## [What you have to do]
All of the entries need to be printed again exactly; pictures are the only thing to omit.

## [Exercise data]
--*--

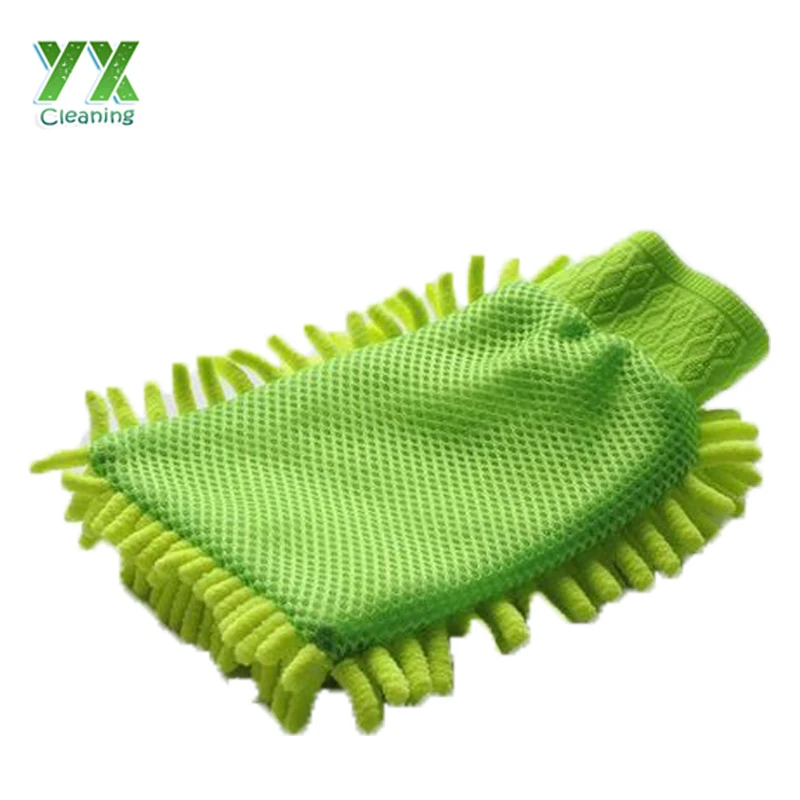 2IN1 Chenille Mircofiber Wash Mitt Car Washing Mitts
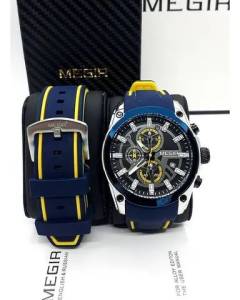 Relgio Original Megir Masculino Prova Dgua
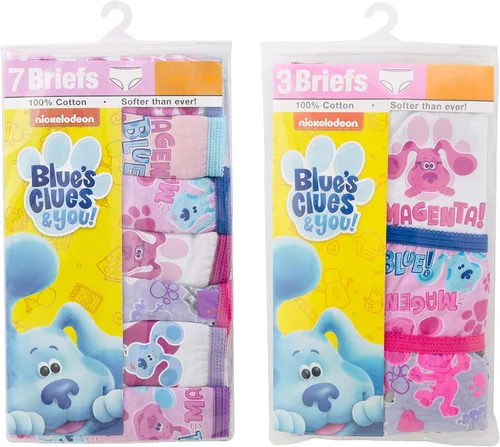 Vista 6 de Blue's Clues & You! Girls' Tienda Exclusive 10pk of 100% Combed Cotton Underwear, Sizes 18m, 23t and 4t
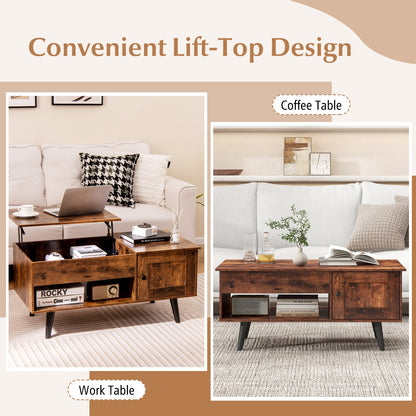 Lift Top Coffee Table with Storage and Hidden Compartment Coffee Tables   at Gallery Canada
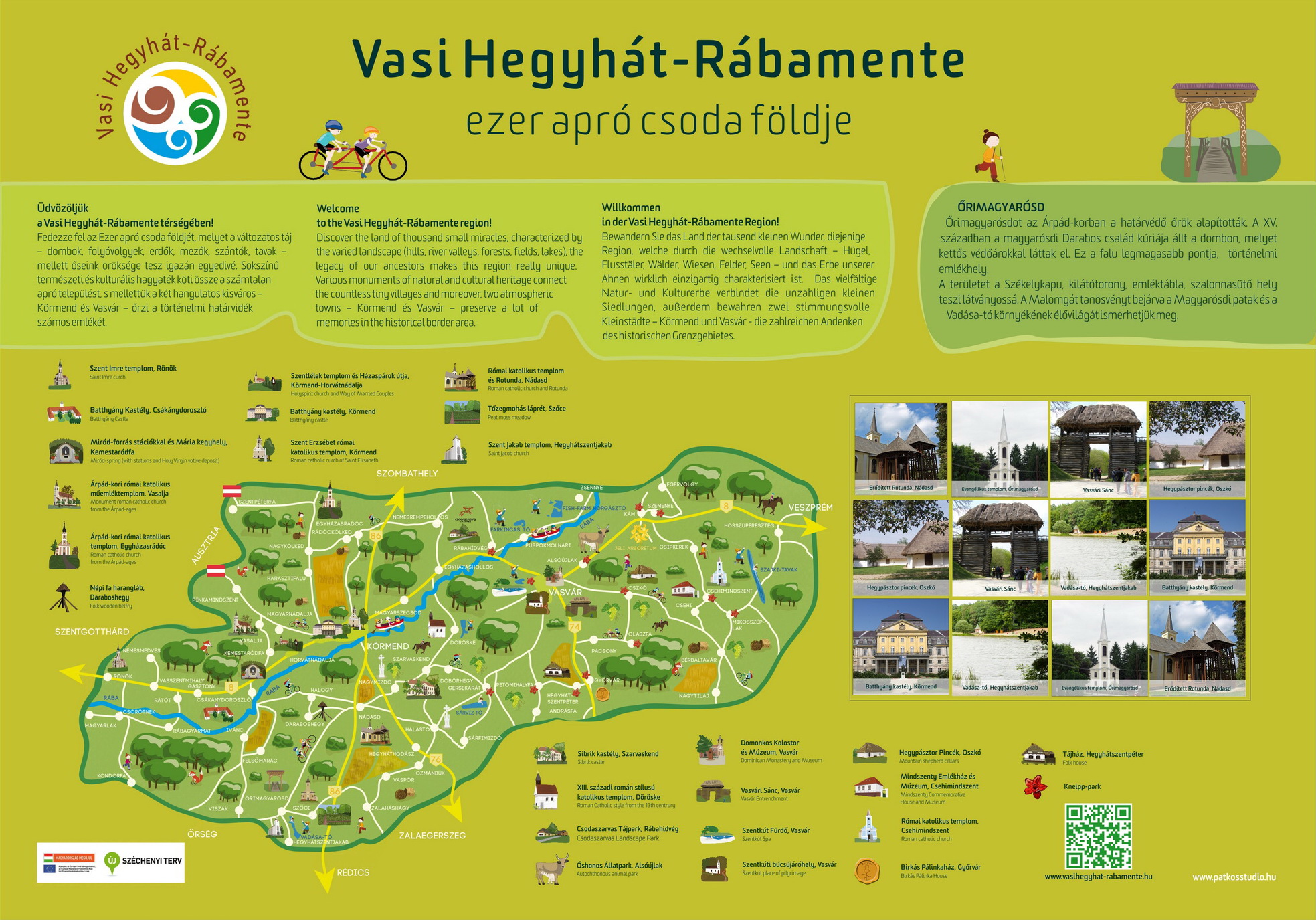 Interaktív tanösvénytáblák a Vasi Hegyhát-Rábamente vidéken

--*--

## [Completed exercise]
 2IN1 Chenille Mircofiber Wash Mitt Car Washing Mitts
 Relgio Original Megir Masculino Prova Dgua
 Vista 6 de Blue's Clues & You! Girls' Tienda Exclusive 10pk of 100% Combed Cotton Underwear, Sizes 18m, 23t and 4t
 Lift Top Coffee Table with Storage and Hidden Compartment Coffee Tables   at Gallery Canada
 Interaktív tanösvénytáblák a Vasi Hegyhát-Rábamente vidéken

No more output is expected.